Betriebsaufgabe gegen wiederkehrende Bezüge
Sofort- oder Zuflussbesteuerung
Kommt es zur Veräußerung eines Betriebs und in diesem Zusammenhang zur Vereinbarung wiederkehrender Bezüge, wie zum Beispiel einer Leibrente, zugunsten des Verkäufers, hat dieser ein Wahlrecht: Entweder wird der durch die Veräußerung des Betriebs erzielte Gewinn unverzüglich versteuert (sogenannte Sofortbesteuerung) oder die über die Zeit vom Verkäufer vereinnahmten (Geld-)Leistungen werden im Zeitpunkt des Zuflusses versteuert, sobald sie die Buchwerte der veräußerten betrieblichen Vermögenswerte übersteigen (sogenannte Zuflussbesteuerung). Bei der Zuflussbesteuerung ist zu beachten, dass der in den wiederkehrenden Leistungen enthaltene Zinsanteil bereits im Zeitpunkt des Zuflusses nachträgliche Betriebseinnahmen darstellt.
Der Bundesfinanzhof (BFH) hatte über einem Rechtsstreit zu entscheiden, dem folgender Sachverhalt zu Grunde lag: Ein Handwerksbetrieb wurde krankheitsbedingt eingestellt, aber nur ein Teil der betrieblichen Wirtschaftsgüter wurde an Dritte veräußert. Ein vorhandenes Betriebsgrundstück und die übrigen nicht auf den Dritten übertragenen Vermögenswerte überführte der Eigentümer des eingestellten Handwerksbetriebes in sein Privatvermögen. Mangels Veräußerung sämtlicher betrieblicher Wirtschaftsgüter lag im konkreten Fall keine Betriebsveräußerung, sondern eine Betriebsaufgabe vor.

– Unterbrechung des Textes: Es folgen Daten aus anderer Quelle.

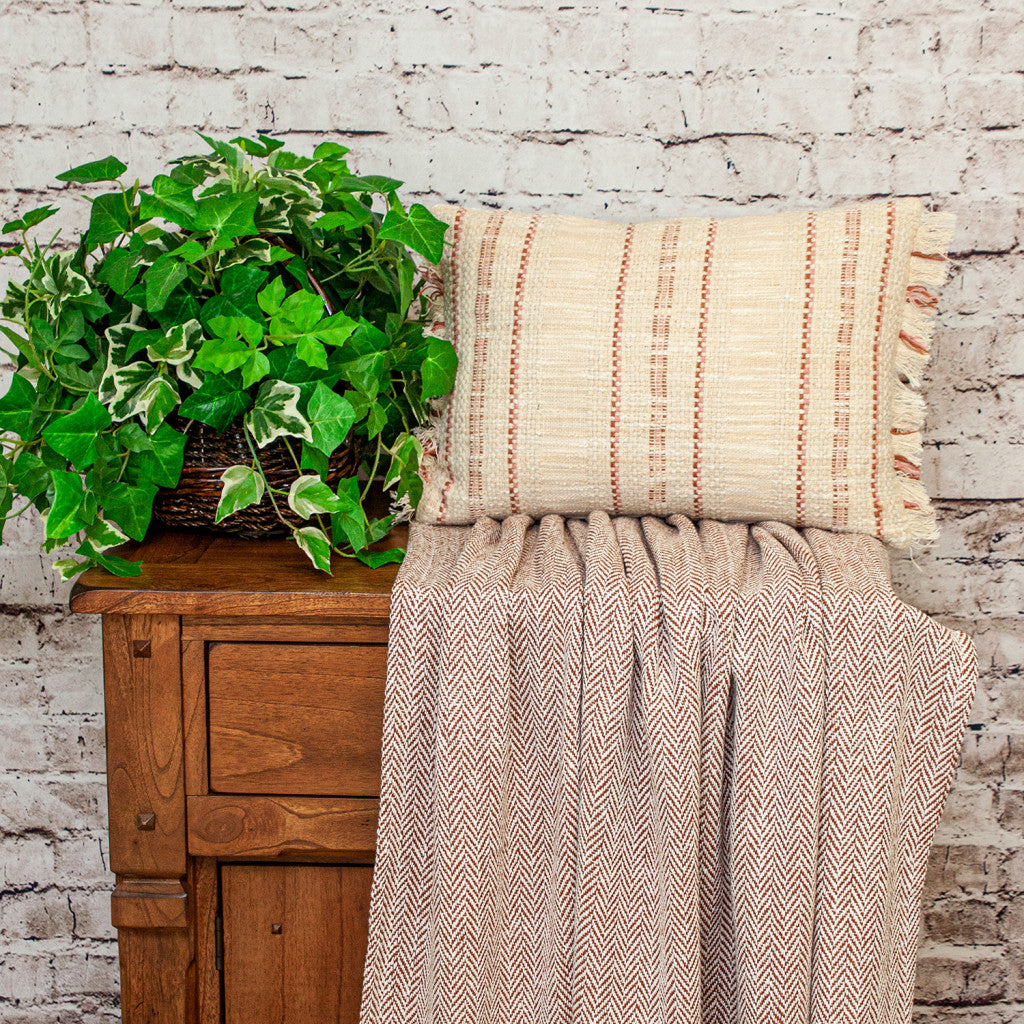 Beige & Pink Striped Cotton Pillow w/ Fringe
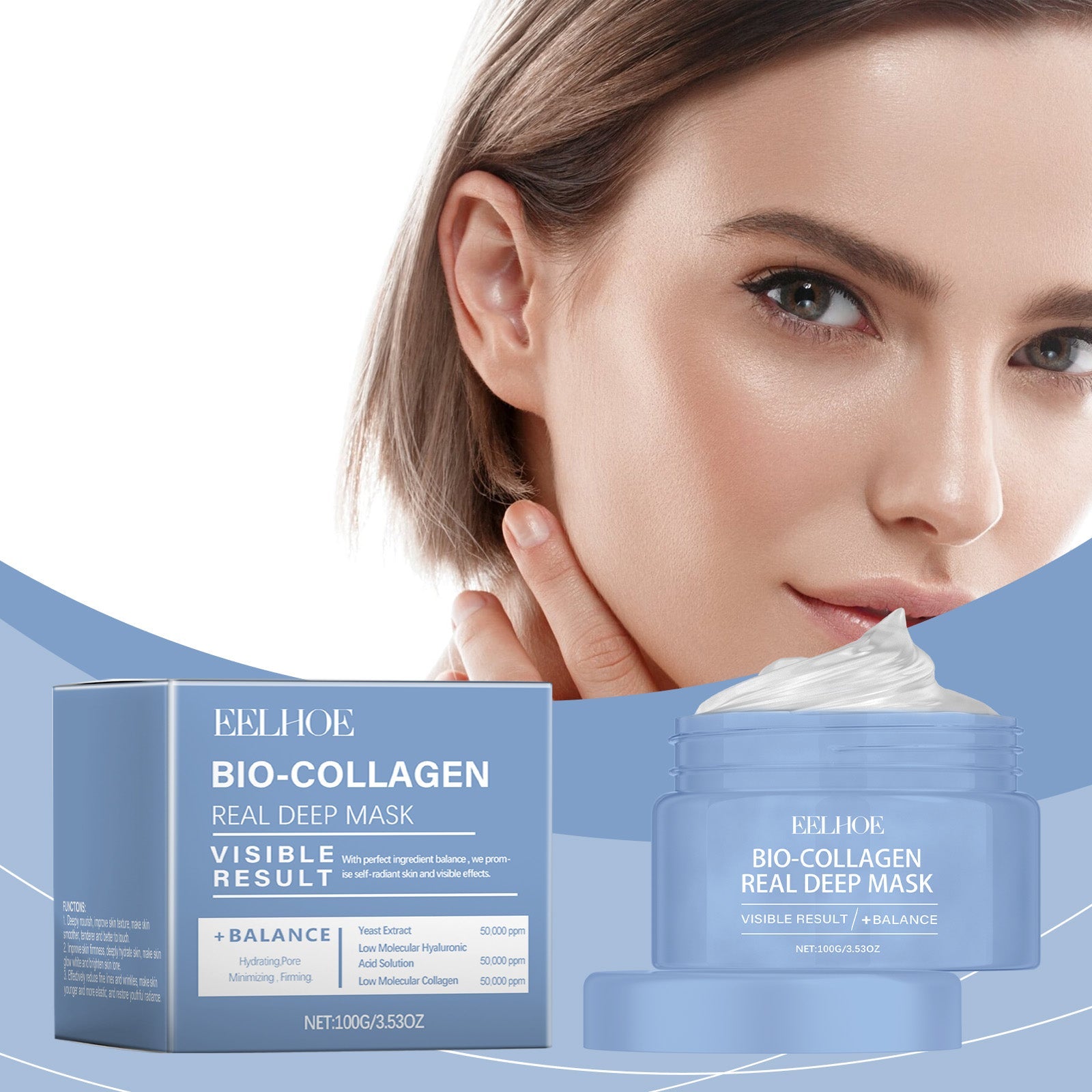 Collagen Peel Mask for Deep Hydration, Skin Firming, Facial Care ,100g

Als Gegenleistung für die verkauften Wirtschaftsgüter wurde eine lebenslange monatliche Leibrente in Höhe von 3.000 € zugunsten des Veräußerers vereinbart. Der Verkäufer begehrte für die vereinbarten wiederkehrenden Bezüge die Zuflussbesteuerung und ging damit – wie auch bei einer Betriebsveräußerung gegen wiederkehrende Bezüge – von einem Wahlrecht aus. Der Streit mit dem Finanzamt war vorprogrammiert, denn ein solches Wahlrecht war von der Finanzverwaltung bei einer Betriebsaufgabe nicht vorgesehen. Mangels außergerichtlicher Einigung zog der Verkäufer der Wirtschaftsgüter und gleichzeitig Begünstigte der Rentenzahlungen vor Gericht.
Abschließend entscheiden musste der BFH – und der schlug mit seinem Urteil ein neues Kapitel auf, wenn es um das Wahlrecht zwischen Sofort- und Zuflussbesteuerung bei Aufgabe eines Betriebs bei gleichzeitiger Vereinbarung wiederkehrender Bezüge geht: Der BFH erkannte bei der Veräußerung einzelner Wirtschaftsgüter gegen wiederkehrende Bezüge eine vergleichbare Interessenlage wie bei der Betriebsveräußerung gegen wiederkehrende Bezüge. Denn auch im Falle einer Betriebsaufgabe sei der Steuerpflichtige nicht mehr Inhaber eines Betriebs und aufgrund des Versorgungscharakters lebenslanger Bezüge erscheine eine steuerliche Gleichbehandlung mit einer Betriebsveräußerung zwingend. Insofern stehe einem Steuerpflichtigen nach Ansicht des BFH auch bei der Betriebsaufgabe ein steuerliches Wahlrecht zu, sofern lebenslange Bezüge als Gegenleistung für die Übertragung betrieblicher Vermögenswerte vereinbart würden (Urteil vom 29.06.2022 – X R 6/20).